A primeira-ministra do Reino Unido, Theresa May, estreia-se esta quinta-feira em reuniões europeias em Bruxelas, na data em que cumpre os primeiros 100 dias no cargo a que ascendeu após a surpreendente decisão dos britânicos de abandonar a União Europeia, no referendo de 23 de Junho. Mas o "Brexit" não figura nos pontos oficiais para discussão inscritos na agenda da reunião – só quando os líderes virarem a atenção para "outras matérias de interesse" haverá abertura para falar do assunto.

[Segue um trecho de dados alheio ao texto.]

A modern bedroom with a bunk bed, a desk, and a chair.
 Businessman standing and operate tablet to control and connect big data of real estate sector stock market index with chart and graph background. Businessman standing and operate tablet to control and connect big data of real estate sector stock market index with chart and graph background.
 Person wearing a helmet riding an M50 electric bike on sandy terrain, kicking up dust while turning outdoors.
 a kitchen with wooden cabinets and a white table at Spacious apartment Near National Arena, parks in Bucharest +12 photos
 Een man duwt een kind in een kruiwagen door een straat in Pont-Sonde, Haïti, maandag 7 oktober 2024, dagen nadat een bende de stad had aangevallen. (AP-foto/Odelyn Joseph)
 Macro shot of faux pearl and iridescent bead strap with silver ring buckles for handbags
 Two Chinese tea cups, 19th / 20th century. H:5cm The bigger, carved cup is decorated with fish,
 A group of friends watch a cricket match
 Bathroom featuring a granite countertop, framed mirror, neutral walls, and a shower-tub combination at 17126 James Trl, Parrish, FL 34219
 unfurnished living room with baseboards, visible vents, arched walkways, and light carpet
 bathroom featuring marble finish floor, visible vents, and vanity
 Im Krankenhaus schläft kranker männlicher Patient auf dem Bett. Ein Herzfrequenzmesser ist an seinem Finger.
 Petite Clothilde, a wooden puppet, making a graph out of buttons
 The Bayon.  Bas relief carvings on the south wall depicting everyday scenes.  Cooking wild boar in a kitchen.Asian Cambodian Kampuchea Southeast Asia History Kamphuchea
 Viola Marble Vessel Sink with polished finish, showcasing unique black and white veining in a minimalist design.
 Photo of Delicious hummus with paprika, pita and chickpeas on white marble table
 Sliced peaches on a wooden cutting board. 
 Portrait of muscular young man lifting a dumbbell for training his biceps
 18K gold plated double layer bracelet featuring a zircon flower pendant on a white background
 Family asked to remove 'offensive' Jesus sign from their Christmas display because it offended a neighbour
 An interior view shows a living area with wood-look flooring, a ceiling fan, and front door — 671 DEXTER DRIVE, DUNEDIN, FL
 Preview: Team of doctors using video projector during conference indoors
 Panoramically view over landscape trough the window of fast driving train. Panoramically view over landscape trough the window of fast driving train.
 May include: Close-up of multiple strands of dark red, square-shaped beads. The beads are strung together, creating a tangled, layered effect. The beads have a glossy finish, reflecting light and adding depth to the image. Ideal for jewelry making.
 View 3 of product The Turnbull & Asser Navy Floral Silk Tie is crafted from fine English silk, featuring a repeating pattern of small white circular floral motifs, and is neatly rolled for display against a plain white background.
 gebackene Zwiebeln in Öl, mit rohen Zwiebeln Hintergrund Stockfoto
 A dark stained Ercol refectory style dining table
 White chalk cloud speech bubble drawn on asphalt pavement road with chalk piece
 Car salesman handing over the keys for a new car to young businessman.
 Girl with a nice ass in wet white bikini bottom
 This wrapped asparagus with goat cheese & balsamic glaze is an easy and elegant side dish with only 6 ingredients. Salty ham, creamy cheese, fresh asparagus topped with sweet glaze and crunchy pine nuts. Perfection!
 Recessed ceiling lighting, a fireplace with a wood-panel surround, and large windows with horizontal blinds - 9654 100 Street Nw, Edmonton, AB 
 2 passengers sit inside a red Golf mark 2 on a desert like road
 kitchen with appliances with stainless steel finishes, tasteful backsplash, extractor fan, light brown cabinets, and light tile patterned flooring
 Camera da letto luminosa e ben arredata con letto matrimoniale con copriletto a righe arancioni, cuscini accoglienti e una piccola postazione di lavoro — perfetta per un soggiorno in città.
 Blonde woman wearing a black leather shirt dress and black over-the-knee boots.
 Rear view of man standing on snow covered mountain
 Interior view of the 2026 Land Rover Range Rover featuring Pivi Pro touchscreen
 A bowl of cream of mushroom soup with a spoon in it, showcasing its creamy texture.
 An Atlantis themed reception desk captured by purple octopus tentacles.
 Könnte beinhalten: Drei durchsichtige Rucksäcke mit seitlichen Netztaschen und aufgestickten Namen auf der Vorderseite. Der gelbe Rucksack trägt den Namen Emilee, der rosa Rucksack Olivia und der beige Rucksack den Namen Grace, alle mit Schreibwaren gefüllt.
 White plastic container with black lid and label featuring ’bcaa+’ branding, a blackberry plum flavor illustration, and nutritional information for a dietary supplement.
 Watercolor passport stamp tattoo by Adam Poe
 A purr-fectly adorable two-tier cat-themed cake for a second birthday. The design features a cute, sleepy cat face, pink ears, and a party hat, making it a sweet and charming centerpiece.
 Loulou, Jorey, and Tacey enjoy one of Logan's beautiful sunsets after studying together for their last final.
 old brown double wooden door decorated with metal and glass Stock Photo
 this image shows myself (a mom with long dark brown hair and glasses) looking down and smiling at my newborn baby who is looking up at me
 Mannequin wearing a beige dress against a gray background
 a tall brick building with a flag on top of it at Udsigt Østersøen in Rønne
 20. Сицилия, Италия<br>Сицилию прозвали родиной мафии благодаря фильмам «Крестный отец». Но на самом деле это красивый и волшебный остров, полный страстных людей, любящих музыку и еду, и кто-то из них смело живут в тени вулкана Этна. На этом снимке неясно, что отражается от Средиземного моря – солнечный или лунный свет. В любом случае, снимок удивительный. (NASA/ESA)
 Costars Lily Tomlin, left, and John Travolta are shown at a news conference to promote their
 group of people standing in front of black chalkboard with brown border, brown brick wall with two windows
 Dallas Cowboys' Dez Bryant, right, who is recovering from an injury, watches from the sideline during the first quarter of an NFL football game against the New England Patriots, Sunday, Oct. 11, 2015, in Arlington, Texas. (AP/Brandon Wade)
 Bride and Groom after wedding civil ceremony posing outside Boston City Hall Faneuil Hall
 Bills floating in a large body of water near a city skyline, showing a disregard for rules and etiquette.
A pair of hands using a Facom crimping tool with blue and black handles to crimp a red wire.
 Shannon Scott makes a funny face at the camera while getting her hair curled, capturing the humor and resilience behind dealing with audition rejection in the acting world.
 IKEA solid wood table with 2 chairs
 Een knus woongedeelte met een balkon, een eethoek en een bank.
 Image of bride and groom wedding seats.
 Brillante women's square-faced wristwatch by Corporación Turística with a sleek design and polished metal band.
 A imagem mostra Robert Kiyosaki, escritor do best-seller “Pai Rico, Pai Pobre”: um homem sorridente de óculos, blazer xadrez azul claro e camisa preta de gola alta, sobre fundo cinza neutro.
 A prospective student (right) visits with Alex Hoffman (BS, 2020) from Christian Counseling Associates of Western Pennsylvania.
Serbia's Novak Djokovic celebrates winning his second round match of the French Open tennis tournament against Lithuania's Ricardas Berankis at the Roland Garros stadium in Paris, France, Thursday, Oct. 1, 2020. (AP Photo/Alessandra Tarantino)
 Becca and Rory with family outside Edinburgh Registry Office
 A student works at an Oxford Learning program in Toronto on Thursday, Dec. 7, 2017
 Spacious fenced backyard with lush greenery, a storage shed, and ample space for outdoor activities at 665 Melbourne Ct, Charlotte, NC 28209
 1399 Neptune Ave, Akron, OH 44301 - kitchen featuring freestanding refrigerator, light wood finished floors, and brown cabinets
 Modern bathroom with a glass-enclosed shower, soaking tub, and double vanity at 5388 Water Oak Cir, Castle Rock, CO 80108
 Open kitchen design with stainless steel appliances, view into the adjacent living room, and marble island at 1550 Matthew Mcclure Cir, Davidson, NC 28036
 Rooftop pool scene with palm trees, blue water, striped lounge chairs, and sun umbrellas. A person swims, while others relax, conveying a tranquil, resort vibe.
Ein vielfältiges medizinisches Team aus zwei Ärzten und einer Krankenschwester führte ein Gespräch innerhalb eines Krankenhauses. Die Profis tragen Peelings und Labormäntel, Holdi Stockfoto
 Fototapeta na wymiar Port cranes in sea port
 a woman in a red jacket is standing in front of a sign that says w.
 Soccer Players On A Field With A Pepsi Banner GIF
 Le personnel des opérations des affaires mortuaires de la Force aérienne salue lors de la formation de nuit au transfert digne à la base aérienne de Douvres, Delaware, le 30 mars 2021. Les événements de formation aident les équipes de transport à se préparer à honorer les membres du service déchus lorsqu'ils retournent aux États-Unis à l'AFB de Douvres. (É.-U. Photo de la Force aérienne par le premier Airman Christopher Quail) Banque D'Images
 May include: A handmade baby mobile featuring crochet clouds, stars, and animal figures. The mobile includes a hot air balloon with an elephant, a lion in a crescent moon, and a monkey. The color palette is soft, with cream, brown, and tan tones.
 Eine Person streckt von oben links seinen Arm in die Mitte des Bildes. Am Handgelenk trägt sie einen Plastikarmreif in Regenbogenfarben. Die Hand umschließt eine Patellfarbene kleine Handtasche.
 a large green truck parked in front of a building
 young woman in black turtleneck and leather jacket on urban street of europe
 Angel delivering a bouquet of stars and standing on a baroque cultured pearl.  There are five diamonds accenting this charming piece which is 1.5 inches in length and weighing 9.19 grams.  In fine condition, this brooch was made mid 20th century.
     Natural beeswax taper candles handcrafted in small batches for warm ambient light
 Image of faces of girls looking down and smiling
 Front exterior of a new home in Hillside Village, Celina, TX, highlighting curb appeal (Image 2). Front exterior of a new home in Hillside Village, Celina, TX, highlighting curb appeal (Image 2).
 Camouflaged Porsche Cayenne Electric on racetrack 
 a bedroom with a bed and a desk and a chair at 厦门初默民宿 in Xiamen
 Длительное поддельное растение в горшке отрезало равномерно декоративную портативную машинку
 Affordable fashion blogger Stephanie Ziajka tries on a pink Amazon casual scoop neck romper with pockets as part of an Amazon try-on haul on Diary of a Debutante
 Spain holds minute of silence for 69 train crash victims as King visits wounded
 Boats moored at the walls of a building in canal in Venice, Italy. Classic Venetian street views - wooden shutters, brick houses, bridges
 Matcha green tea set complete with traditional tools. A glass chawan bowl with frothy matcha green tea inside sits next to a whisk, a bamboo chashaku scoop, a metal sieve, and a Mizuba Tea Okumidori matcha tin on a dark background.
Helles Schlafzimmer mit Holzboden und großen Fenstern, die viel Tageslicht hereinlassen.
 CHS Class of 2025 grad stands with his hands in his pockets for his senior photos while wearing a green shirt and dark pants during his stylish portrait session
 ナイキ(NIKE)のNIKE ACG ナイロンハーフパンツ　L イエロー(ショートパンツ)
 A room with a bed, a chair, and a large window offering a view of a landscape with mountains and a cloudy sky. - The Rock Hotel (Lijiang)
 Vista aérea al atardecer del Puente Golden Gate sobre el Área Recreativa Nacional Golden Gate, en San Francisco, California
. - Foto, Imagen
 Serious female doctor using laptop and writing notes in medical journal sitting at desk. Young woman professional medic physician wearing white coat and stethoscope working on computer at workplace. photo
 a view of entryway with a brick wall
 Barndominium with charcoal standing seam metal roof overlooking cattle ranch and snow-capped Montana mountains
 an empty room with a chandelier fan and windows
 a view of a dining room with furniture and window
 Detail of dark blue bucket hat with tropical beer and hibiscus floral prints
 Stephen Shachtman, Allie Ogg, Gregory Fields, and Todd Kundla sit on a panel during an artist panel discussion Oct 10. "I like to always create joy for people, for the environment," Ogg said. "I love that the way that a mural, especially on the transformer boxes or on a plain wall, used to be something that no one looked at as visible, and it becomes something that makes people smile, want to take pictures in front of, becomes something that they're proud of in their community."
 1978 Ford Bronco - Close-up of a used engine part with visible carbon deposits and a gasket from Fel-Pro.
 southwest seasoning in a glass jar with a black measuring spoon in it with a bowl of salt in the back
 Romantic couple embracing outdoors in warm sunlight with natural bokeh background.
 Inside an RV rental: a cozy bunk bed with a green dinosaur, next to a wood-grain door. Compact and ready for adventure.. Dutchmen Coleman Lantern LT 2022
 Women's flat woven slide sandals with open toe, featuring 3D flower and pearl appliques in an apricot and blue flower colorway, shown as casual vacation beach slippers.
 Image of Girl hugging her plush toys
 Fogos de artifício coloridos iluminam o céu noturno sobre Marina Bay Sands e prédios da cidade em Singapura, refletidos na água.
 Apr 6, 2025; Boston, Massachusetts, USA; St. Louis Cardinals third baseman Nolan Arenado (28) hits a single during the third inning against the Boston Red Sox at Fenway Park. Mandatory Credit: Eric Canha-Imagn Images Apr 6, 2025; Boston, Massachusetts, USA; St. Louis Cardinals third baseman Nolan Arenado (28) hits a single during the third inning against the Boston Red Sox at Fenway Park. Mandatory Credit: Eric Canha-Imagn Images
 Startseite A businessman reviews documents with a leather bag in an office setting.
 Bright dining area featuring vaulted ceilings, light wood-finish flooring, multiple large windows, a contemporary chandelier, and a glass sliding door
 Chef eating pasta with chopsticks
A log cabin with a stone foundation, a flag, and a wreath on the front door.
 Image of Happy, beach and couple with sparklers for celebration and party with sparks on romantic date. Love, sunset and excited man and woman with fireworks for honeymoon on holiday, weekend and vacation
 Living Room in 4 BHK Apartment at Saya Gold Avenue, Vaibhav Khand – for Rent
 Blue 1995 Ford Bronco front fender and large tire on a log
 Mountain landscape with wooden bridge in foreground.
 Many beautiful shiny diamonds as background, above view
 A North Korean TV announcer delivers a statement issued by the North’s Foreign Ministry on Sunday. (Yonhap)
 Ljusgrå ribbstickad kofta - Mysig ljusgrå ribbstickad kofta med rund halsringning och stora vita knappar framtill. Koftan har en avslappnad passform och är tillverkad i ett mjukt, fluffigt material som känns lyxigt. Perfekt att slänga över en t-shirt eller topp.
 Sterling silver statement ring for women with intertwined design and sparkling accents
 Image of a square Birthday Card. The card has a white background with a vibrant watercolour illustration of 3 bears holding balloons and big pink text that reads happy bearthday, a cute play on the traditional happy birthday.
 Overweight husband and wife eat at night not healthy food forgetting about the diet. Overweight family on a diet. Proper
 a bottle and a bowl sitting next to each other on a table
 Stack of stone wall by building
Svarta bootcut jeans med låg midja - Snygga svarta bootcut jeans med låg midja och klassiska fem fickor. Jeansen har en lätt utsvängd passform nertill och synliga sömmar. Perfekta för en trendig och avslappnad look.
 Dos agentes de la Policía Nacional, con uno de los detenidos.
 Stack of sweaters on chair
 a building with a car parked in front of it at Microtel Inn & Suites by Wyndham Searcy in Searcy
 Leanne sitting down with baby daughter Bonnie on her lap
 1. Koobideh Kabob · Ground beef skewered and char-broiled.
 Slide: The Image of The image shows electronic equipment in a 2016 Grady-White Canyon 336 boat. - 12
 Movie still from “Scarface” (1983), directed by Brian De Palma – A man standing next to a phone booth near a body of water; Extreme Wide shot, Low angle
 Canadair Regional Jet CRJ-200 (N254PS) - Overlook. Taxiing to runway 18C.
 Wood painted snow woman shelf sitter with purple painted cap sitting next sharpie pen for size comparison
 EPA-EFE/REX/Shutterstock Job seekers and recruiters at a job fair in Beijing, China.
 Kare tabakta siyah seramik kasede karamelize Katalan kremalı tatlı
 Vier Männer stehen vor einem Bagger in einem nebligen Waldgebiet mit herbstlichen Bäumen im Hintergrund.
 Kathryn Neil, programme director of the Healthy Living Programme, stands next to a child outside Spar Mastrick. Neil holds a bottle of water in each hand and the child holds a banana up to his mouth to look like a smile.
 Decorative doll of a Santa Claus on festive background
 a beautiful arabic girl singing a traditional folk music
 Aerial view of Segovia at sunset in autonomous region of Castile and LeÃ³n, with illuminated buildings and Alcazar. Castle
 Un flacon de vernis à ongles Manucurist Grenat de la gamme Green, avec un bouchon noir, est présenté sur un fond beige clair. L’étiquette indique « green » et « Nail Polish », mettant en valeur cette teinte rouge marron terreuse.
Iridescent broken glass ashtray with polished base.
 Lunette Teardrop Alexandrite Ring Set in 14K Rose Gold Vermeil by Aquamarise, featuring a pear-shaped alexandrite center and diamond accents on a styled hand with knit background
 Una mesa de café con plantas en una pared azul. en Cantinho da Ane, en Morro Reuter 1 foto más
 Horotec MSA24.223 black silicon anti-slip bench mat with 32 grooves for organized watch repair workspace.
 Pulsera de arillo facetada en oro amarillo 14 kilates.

Segundo a imprensa britânica, a decisão de não incluir o "Brexit" na ordem de trabalhos terá sido decidida pelo presidente do Conselho Europeu, Donald Tusk, que perante a indefinição que vigora desde a data da votação, em Londres e nas outras capitais, prefere não acrescentar ruído antes do início formal do debate. Espera-se, portanto, que Theresa May faça uma apresentação do seu Governo e passe em revista as políticas definidas ou os desafios com que se deparou quando entrou em Downing Street.

“Brexit”

Durante a campanha para o referendo sobre a permanência do Reino Unido na União Europeia Theresa May manteve a solidariedade com o primeiro-ministro David Cameron, em defesa da manutenção do país no clube europeu. Chegada a Downing Street, fez questão de dizer (e insistir) que a vontade dos britânicos expressa a 23 de Maio é para respeitar, e que “’Brexit’ quer dizer ‘Brexit’” – a sua firmeza sustenta-se no seu eurocepticismo de longo prazo. Mas ao fim de cem dias, a primeira-ministra ainda não abriu o jogo sobre o plano para a saída – tem-se limitado a contrariar os seus ministros Boris Johnson (Negócios Estrangeiros) e David Davis (responsável pelo “Brexit”) de cada vez que estes oferecem a sua opinião.

Não se sabe, por isso, qual será exactamente a estratégia do Governo nas conversações, nem qual é o calendário para o processo de separação. A primeira-ministra disse que é sua intenção accionar o artigo 50 do Tratado de Lisboa, que dá o tiro de partida, até Março de 2017.

A grande dúvida diz respeito ao relacionamento futuro entre o Reino Unido e a UE, sobretudo no que diz respeito ao acesso ao espaço único europeu (de pessoas e bens). As decisões de May, que criou um novo Departamento para o Comércio Internacional no seu executivo, sugerem que está a preparar-se para agir fora do bloco. Outros sinais indicam que tanto Londres como Bruxelas estão a preparar-se para um divórcio litigioso. Aliás, Donald Tusk, o presidente do Conselho Europeu e anfitrião da cimeira que arranca esta quinta-feira em Bruxelas, disse que no que diz respeito ao “Brexit”, só havia duas possibilidades: ou o Reino Unido votava não, ou então arcava com as consequências de uma saída bruta.

Imigração e Refugiados

Se houve uma política de Theresa May enquanto ministra do Interior que saiu revigorada do referendo para o “Brexit” foi a que diz respeito à imigração – vários analistas e comentadores políticos interpretaram a votação como um mandato político para o fecho das fronteiras e a restrição significativa da entrada de estrangeiros no Reino Unido. E vários notaram uma coincidência entre o desfecho do referendo e o aumento do número de crimes de ódio ou incidentes de violência religiosa, étnica e racial, que segundo números do ministério do Interior aumentaram 41% no mês seguinte.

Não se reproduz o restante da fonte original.